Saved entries
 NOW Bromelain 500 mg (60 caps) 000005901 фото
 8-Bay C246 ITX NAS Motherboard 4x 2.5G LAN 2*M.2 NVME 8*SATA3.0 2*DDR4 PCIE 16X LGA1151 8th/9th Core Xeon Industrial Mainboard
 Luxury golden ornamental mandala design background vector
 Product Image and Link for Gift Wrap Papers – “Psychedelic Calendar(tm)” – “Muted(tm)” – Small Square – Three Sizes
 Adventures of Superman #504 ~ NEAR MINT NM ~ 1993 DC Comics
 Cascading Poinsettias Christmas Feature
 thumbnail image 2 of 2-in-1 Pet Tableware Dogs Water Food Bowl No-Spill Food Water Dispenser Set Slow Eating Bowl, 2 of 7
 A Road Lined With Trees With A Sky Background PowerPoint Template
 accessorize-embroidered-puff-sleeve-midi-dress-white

### REQUIRED ACTION:
Give every record again, exactly as it appears.

### ANSWER SECTION:
 NOW Bromelain 500 mg (60 caps) 000005901 фото
 8-Bay C246 ITX NAS Motherboard 4x 2.5G LAN 2*M.2 NVME 8*SATA3.0 2*DDR4 PCIE 16X LGA1151 8th/9th Core Xeon Industrial Mainboard
 Luxury golden ornamental mandala design background vector
 Product Image and Link for Gift Wrap Papers – “Psychedelic Calendar(tm)” – “Muted(tm)” – Small Square – Three Sizes
 Adventures of Superman #504 ~ NEAR MINT NM ~ 1993 DC Comics
 Cascading Poinsettias Christmas Feature
 thumbnail image 2 of 2-in-1 Pet Tableware Dogs Water Food Bowl No-Spill Food Water Dispenser Set Slow Eating Bowl, 2 of 7
 A Road Lined With Trees With A Sky Background PowerPoint Template
 accessorize-embroidered-puff-sleeve-midi-dress-white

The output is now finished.